Bu işin sonu nereye varır? Hepimiz aynı mı olacağız? Kaşlar aynı yay, dudaklar iğrenç sosis, kalçalar aynı şeftali. Klon ordusu gibi. Kimse kimseyi ayırt edemeyecek. “Ay, sen miydin Fatma, ben seni Ayşe sandım!” muhabbeti dönecek. Estetik klinikleri, “kişiselleştirilmiş yüz” paketleri satmaya başlar yakında. “Bu ayın modası: Kardashian kalçası, Jolie dudağı, Pitt çenesi. Hepsi sadece 50 bin dolar!” Bu ne rezillik, bu ne kepazelik! İnsanlık, kendi yüzünü, ruhunu, kimliğini satıyor, hem de gülerek.

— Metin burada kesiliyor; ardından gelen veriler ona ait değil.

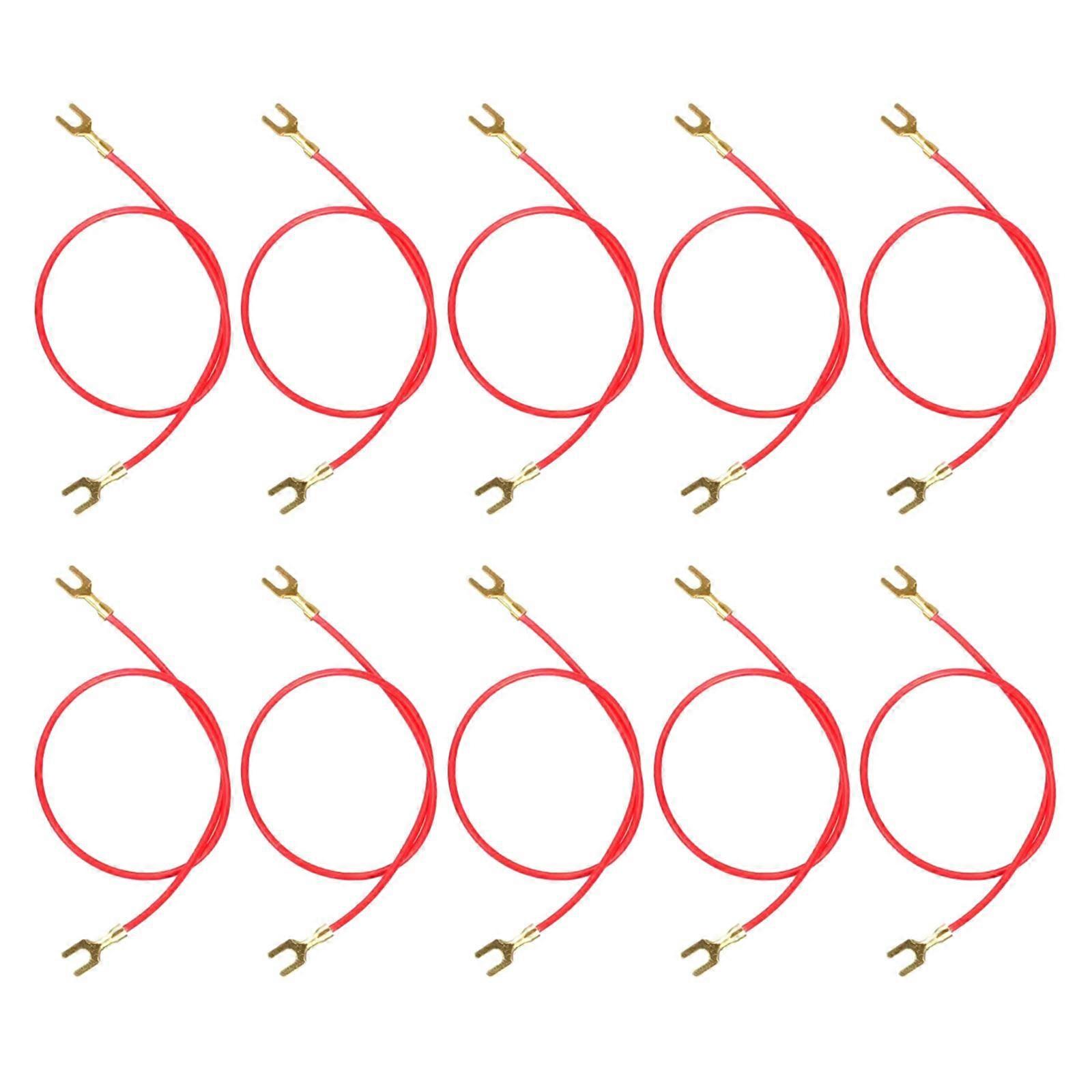 20cm Copper U-shaped Fork Test Lead Cable for Physics and Electrical Experiments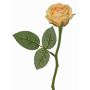 Fleur synthétique rose GABI, pêche-crème, 30cm, Ø6cm
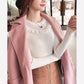Autumn Winter Jumper Half High Neck Pullovers Sweaters Women Sexy Gray Lace Hollow Knitted Slim Sweater Female Tops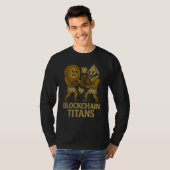 Blockchain Titans™ ビットコイン vs イーサリアム 暗号資産 Tシャツ (正面フル)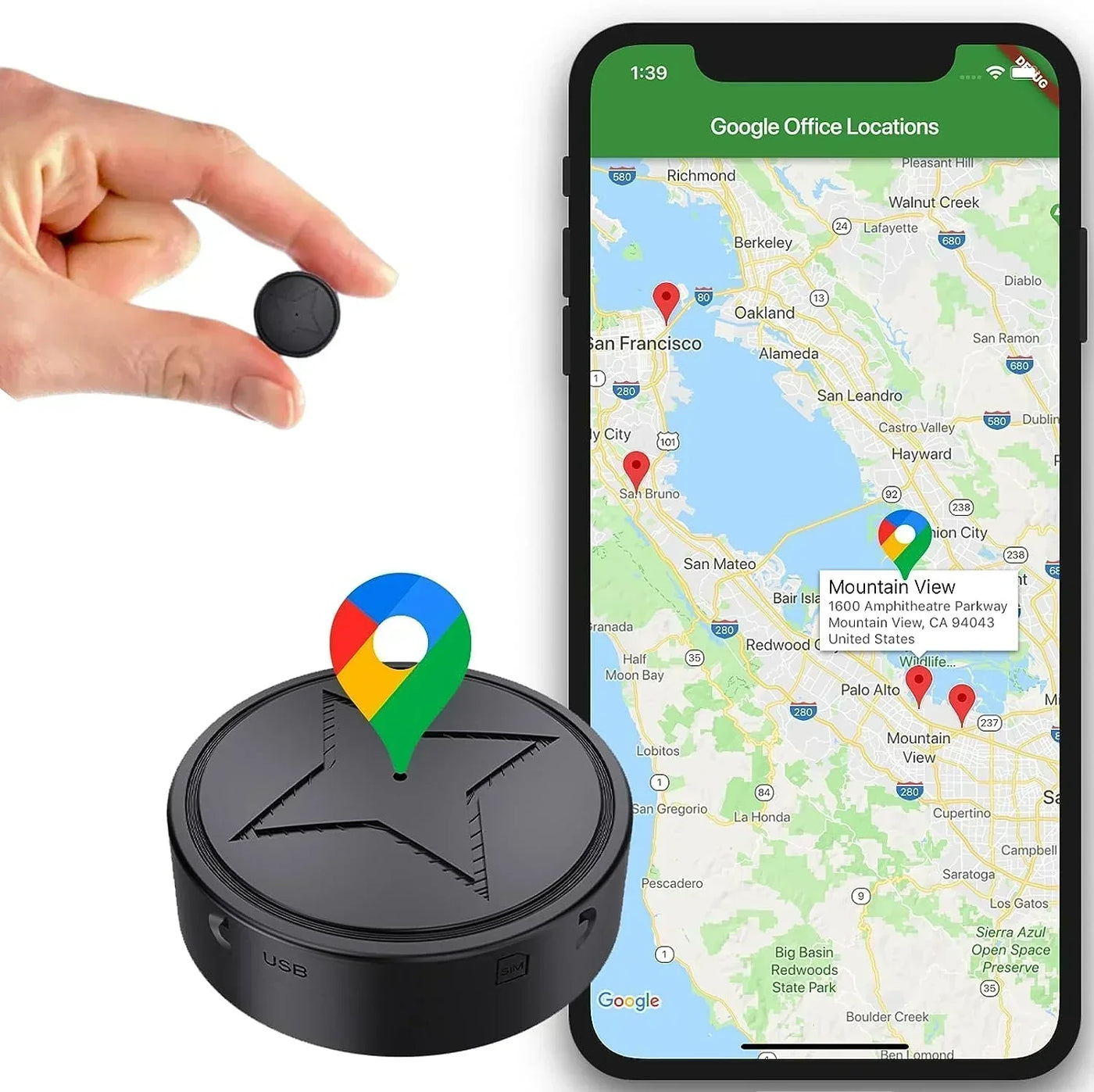 MiniTrack - Krachtige magnetische GPS-tracker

Bir de çevre meselesi var. Hani, “toprak seni ayrıştırmayacak” diyorum ya, şaka değil. Bu silikonlar, botokslar, dolgular doğada çözünmüyor, ey ahmaklar! Bir gün arkeologlar, 21. yüzyıl Türk insanının kalıntılarını kazarken kemik yerine plastik bulacak. “Bu ne?” diyecekler, “Türklerde 2020’lerin kalça modası!” diye yazılı tarihten okuyacaklar.


Estetik şirketleri, bu aptallığın en büyük kazananları. Her köşede bir klinik. Aynı berber dükkanları, pardon kuaför gibi. “Hafta sonu ne yapalım?” “Botoks yaptıralım!” muhabbeti normalleşti. İnsanlar, ruhlarını bu kliniklere teslim ediyor. Peki, bu çılgınlığın sonu ne?


Hepiniz birer plastik kuklasınız! Ve dediğim gibi bu toprak sizi kabullenmeyecek, sizi sarmalamayacak; ayrıştırmayacak. Çünkü siz zaten insanlıktan çıktınız. Bizden sonraki nesillere birer rezillik ucubesi “ibretlik kalıntı” olarak kalacaksınız.